Process XML, JSON and other Data Formats

1. Process XML, JSON and other Data Formats

Two important data formats for exchanging documents are XML and JSON. XML is historically the older data type, JSON we often find nowadays in communication between a server and a JavaScript application. JSON documents are also popular for configuration files.

While Java SE provides different classes for reading and writing XML documents, JSON support is only available in Java Enterprise Edition or through complementary open-source libraries. Many of the tasks in this chapter, therefore, resort to external libraries.

Description languages form a significant category of document formats. They define the structure of the data. Among the most important formats are HTML, XML, JSON, and PDF.

Java does not provide support for other data formats, except for property files and the ability to process ZIP archives. This is especially true for CSV files, PDFs, or Office documents. Fortunately, dozens of open-source libraries fill this gap, so you don’t have to program this functionality yourself.

Prerequisites

know how to add Maven dependencies
know StAX
be able to write XML documents
be able to create JAXB beans from XML schema files
be able to use object XML mapping with Jakarta XML Binding
basic understanding of Jakarta JSON libraries
be able to read ZIP archives

Data types used in this chapter:

1.1. XML processing with Java

There are different Java APIs for handling XML documents. One way is to hold complete XML objects in memory, the other solution is similar to data streams. StAX is a pull API that allows elements to be actively pulled from the data stream and also written. The processing model is optimal for large documents that do not need to be completely in memory.

JAXB provides an easy way to convert Java objects to XML and XML back to Java objects later. Using annotations or external configuration files, the mapping can be precisely controlled.

1.1.1. Write XML file with recipe ⭐

Captain CiaoCiao has so many recipes that he needs a database. He has several quotes for database management systems and wants to see if they can import all his recipes.
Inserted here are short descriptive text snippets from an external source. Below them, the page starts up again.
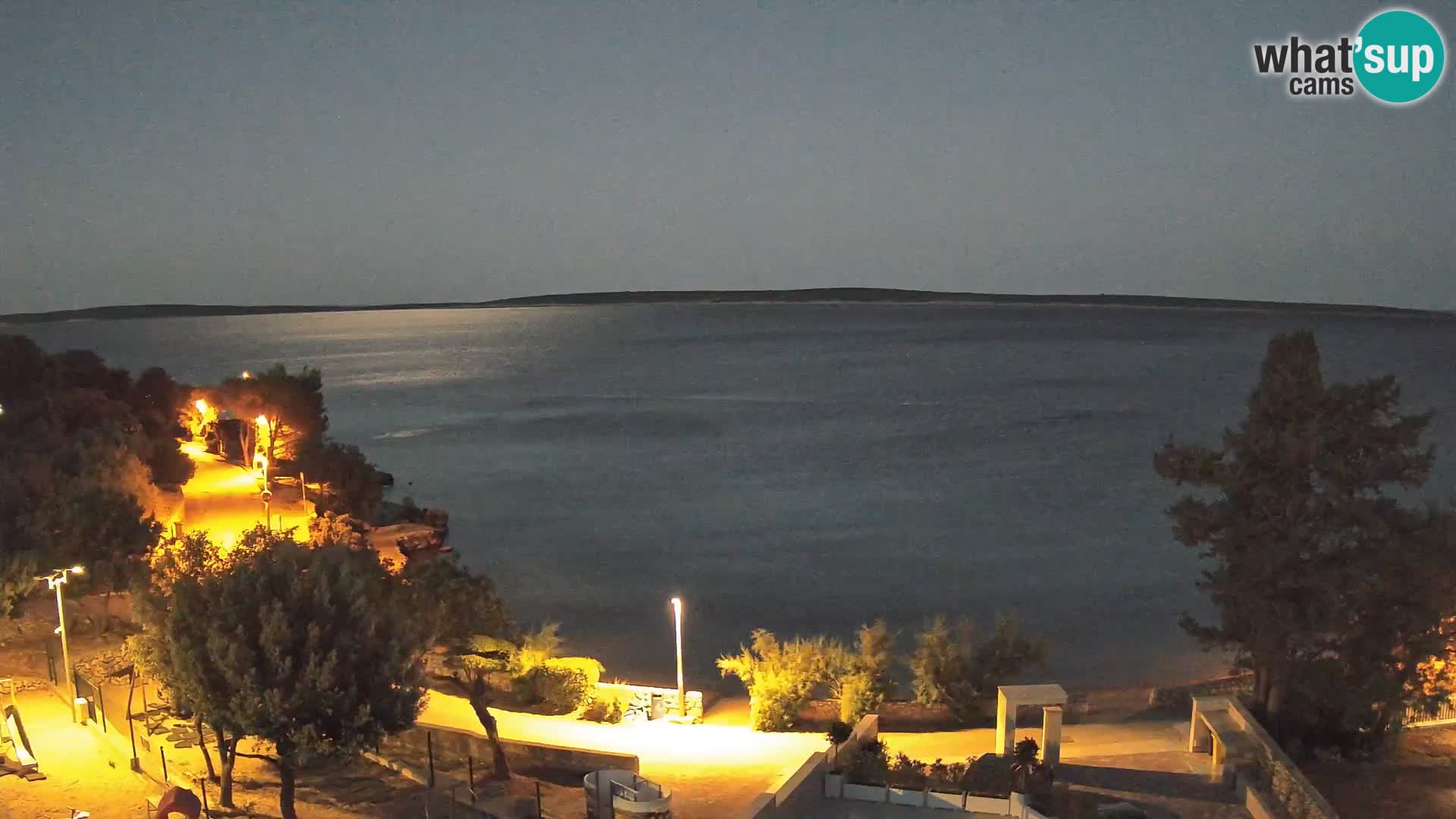 Webcam Plaža Male Mandre – Live View from Pag Island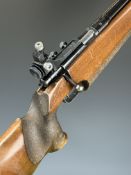 Anschutz Match 54 .22 bolt-action target rifle with shaped and textured semi-pistol grip, adjustable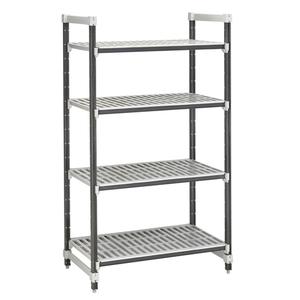 Cambro EXU246072V4480 Camshelving Elements 24"W x 60"L x 72"H 4 Tier Starter Unit 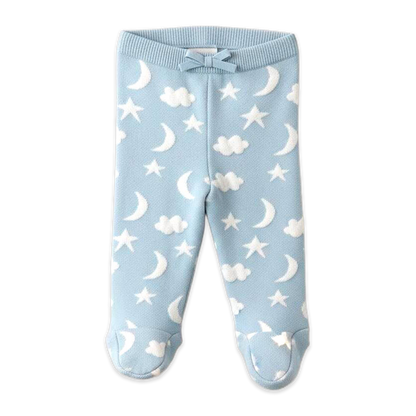 Moon & Stars Dream Knit Kimono Top & Pant Set (Organic)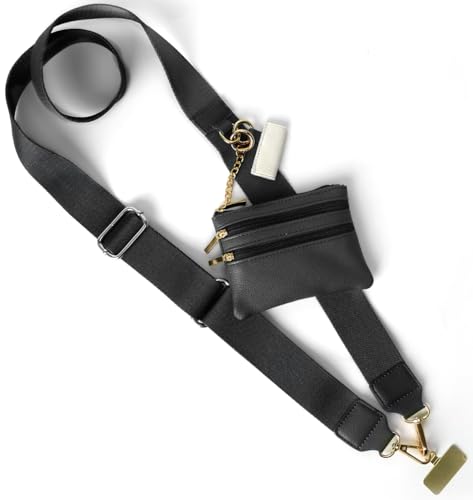 Cell Phone Strap Crossbody Universal Phone Lanyard Adjustable Strap Compatible with Most Smartphones Aztech - color: Black-a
His recipes are in RecipeML format, an XML format that is loosely specified: http://www.formatdata.com/recipeml/. There is a large database at https://dsquirrel.tripod.com/recipeml/indexrecipes2.html. An example from "Key Gourmet":

<?xml version="1.0" encoding="UTF-8"?>
<recipeml version="0.5">
  <recipe>
    <head>
      <title>11 Minute Strawberry Jam</title>
      <categories>
        <cat>Canning</cat>
        <cat>Preserves</cat>
        <cat>Jams &amp; jell</cat>
      </categories>
      <yield>8</yield>
    </head>
    <ingredients>
      <ing>
        <amt>
          <qty>3</qty>
          <unit>cups</unit>
        </amt>
        <item>Strawberries</item>
      </ing>
      <ing>
        <amt>
          <qty>3</qty>
          <unit>cups</unit>
        </amt>
        <item>Sugar</item>
      </ing>
    </ingredients>
    <directions>
      <step>Put the strawberries in a pan.</step>
      <step>Add 1 cup of sugar.</step>
      <step>Bring to a boil and boil for 4 minutes.</step>
      <step>Add the second cup of sugar and boil again for 4 minutes.</step>
      <step>Then add the third cup of sugar and boil for 3 minutes.</step>
      <step>Remove from stove, cool, stir occasionally.</step>
      <step>Pour in jars and seal.</step>
    </directions>
  </recipe>
</recipeml>

Task:

Write a program that outputs an XML document in RecipeML format.

Solution

1.1.2. Check if all images have an alt attribute ⭐

Images in HTML documents should always have an alt attribute.

Task:

Implement an XHTML checker that reports whether each img tag has an alt attribute set.
Take as XHTML file, e.g., http://tutego.de/download/index.xhtml.

Solution

1.1.3. Writing Java objects with JAXB ⭐

JAXB simplifies access to XML documents by allowing a convenient mapping from a Java object to an XML document and vice versa.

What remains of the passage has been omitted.